**Records to process**
----

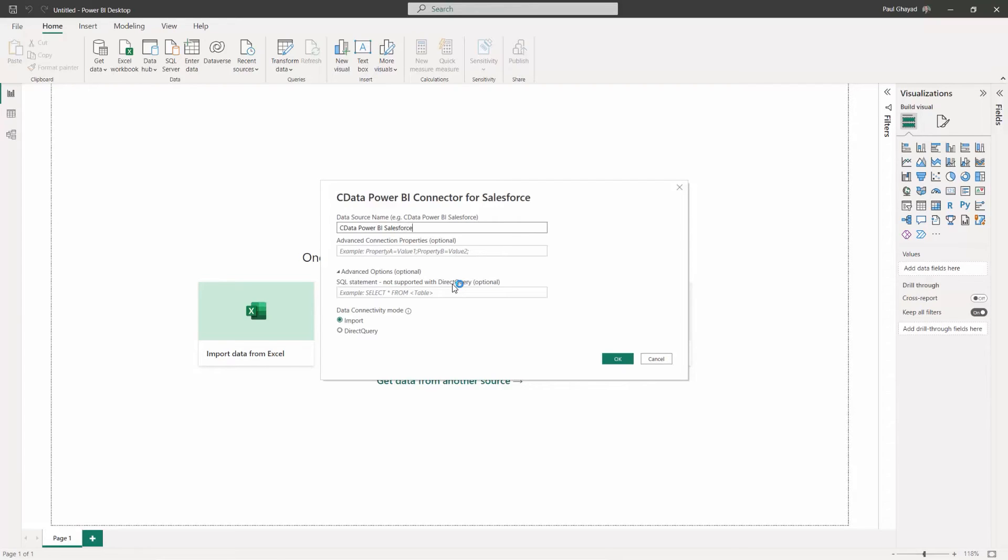Next, select a data connectivity mode. Select Import if you want to import a copy of the data into your project. You can refresh this data on demand. Otherwise, select DirectQuery if you want to work with the remote data in real-time. Click OK.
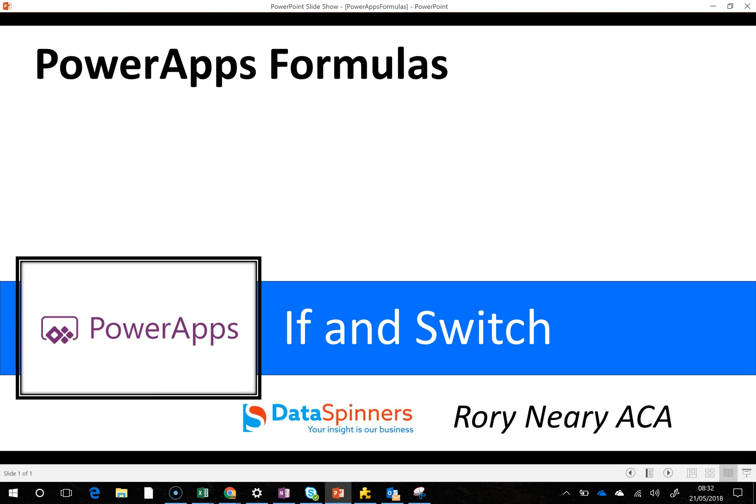Hello everyone, my name is Rory Neary from Data Spinners and today I'm going to talk to you about the IF and SWITCH functions.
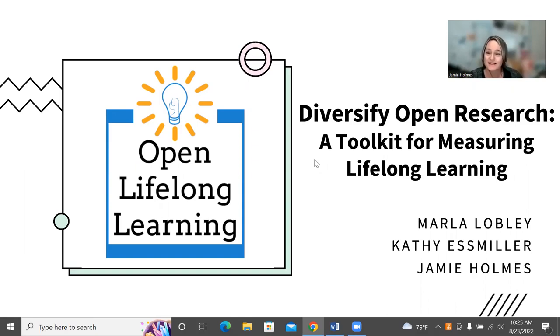Thank you for joining us today for our presentation, Diversify Open Research, a Toolkit for Measuring Lifelong Learning.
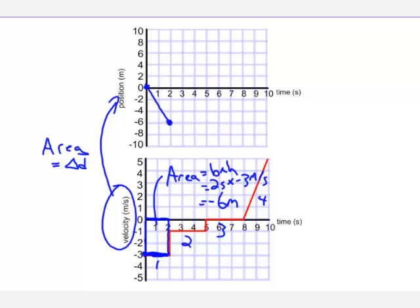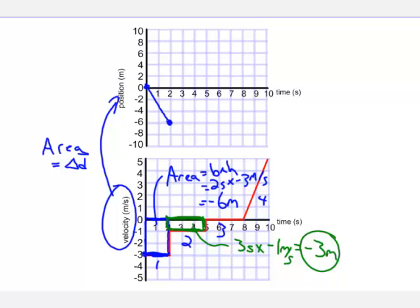Moving to the next segment, from two seconds to five seconds. Again, we use the x-axis as one side of our shape and the graph as the other, giving us a rectangle. This rectangle has a base of three seconds and a height of negative one meter per second, so the area is minus three meters. If we start at minus six and travel an additional negative three meters, we end at minus nine, taking three seconds to do it.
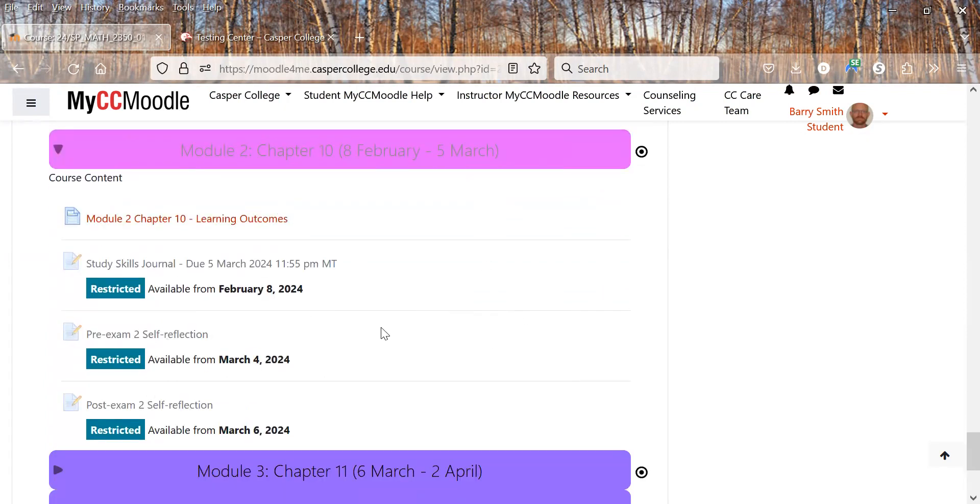If anything else pops up, it'll be within these modules where we have it. So we'll talk about that class and then you can look in there. Here's to a great semester.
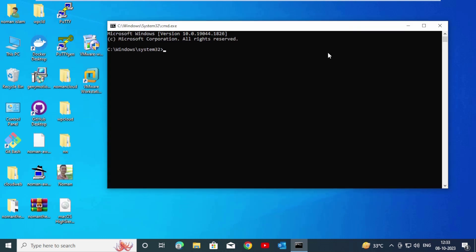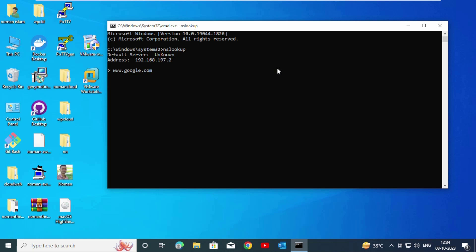Now type nslookup and press Enter. Following the nslookup command you grab the shell. Now you type the name of the website that you want to know the address. This is the IP address and name server: www.google.com. Enter.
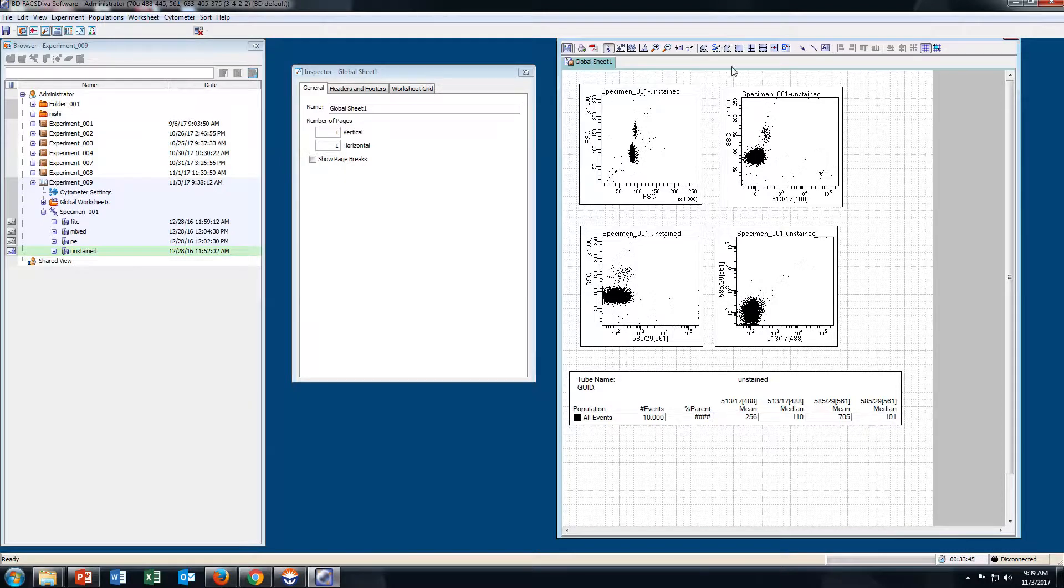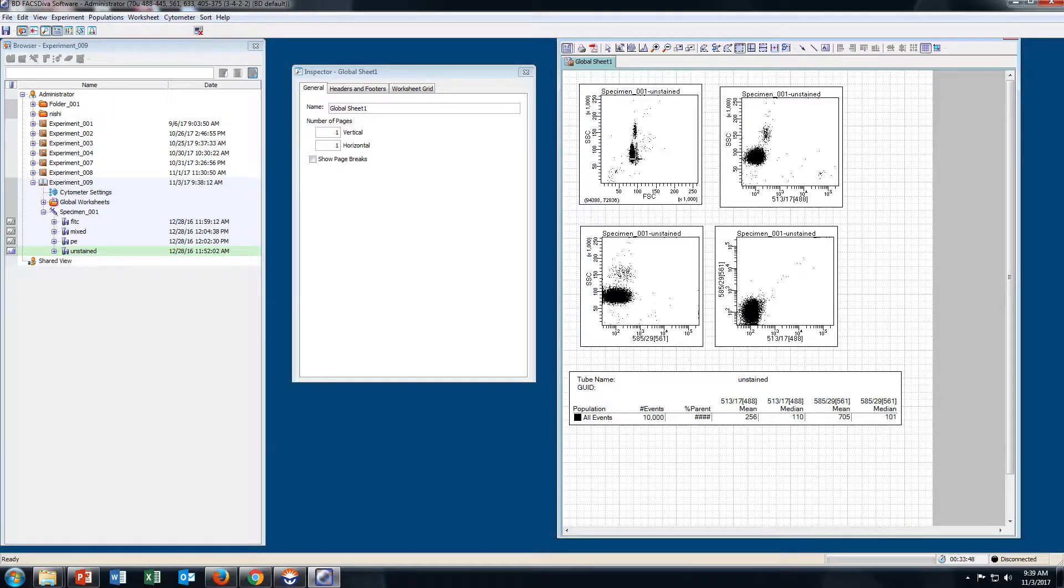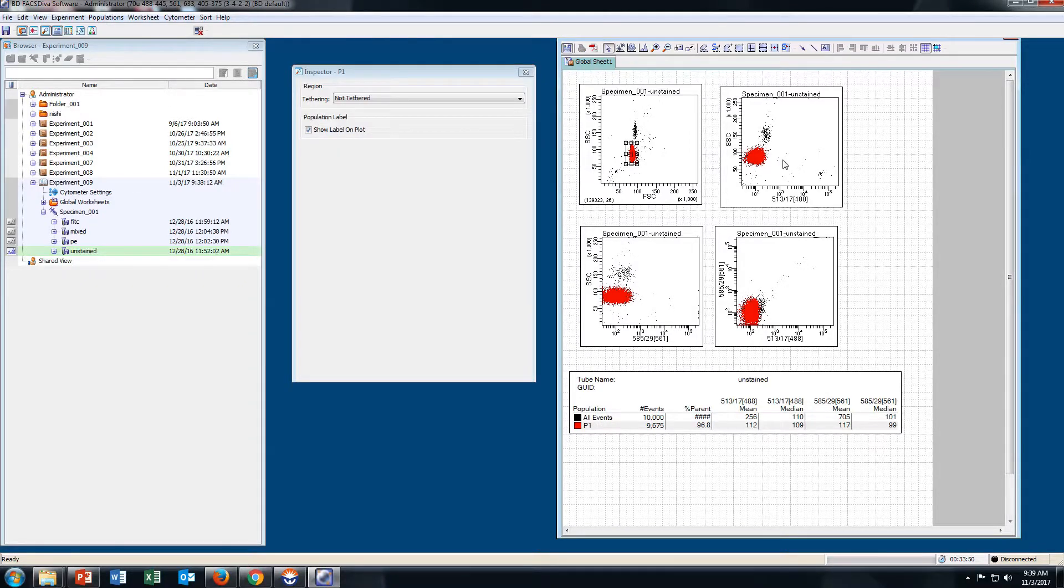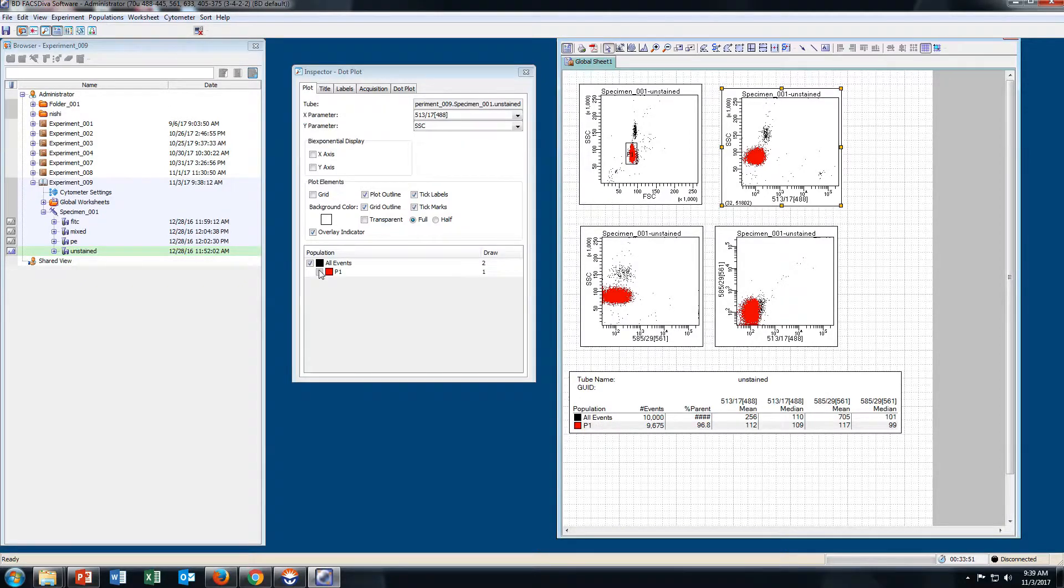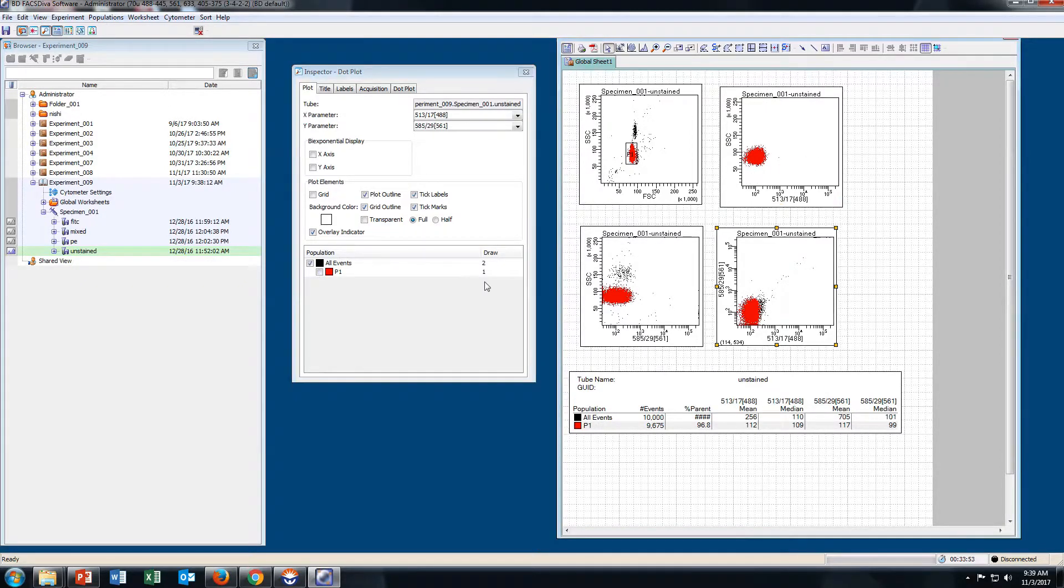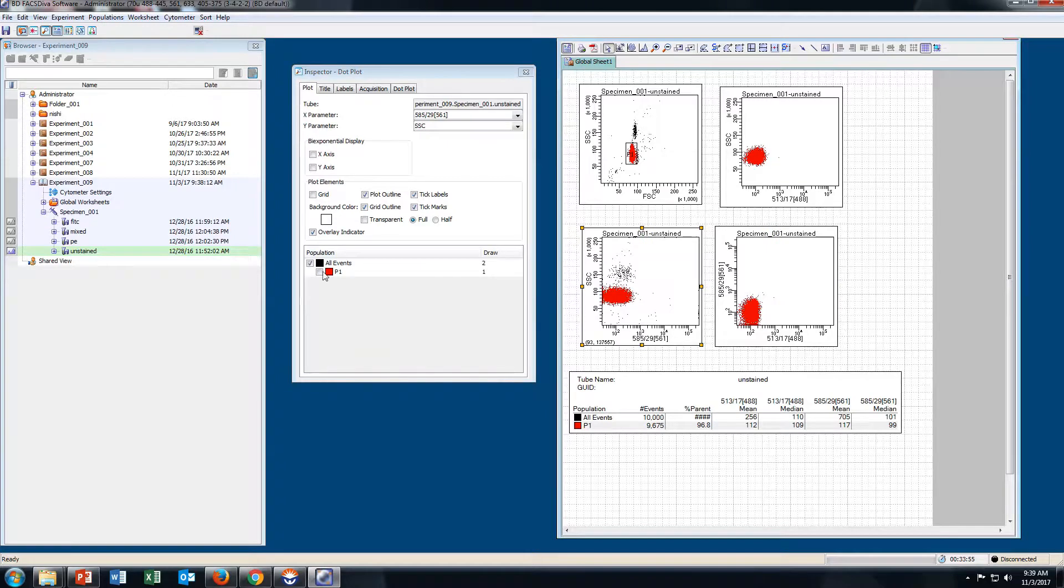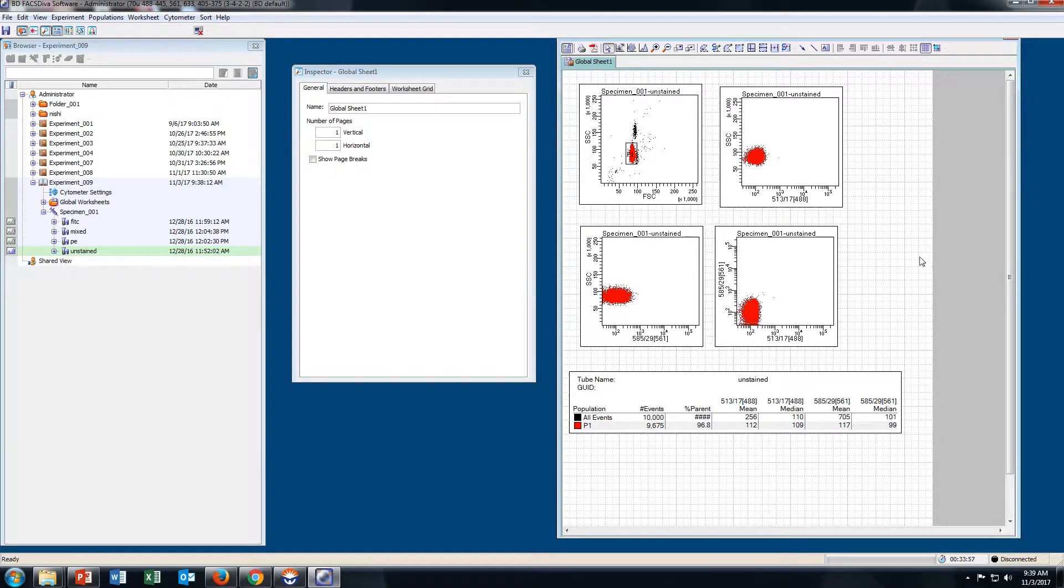Now for gating, I will take a Rectangular Gate. This is your Unstained sample.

----

**Work to complete**
Nothing but the pictures may be dropped; restate the material word for word.

**Task answer**
Next, select a data connectivity mode. Select Import if you want to import a copy of the data into your project. You can refresh this data on demand. Otherwise, select DirectQuery if you want to work with the remote data in real-time. Click OK.
Hello everyone, my name is Rory Neary from Data Spinners and today I'm going to talk to you about the IF and SWITCH functions.
Thank you for joining us today for our presentation, Diversify Open Research, a Toolkit for Measuring Lifelong Learning.
Moving to the next segment, from two seconds to five seconds. Again, we use the x-axis as one side of our shape and the graph as the other, giving us a rectangle. This rectangle has a base of three seconds and a height of negative one meter per second, so the area is minus three meters. If we start at minus six and travel an additional negative three meters, we end at minus nine, taking three seconds to do it.
If anything else pops up, it'll be within these modules where we have it. So we'll talk about that class and then you can look in there. Here's to a great semester.
Now type nslookup and press Enter. Following the nslookup command you grab the shell. Now you type the name of the website that you want to know the address. This is the IP address and name server: www.google.com. Enter.
Now for gating, I will take a Rectangular Gate. This is your Unstained sample.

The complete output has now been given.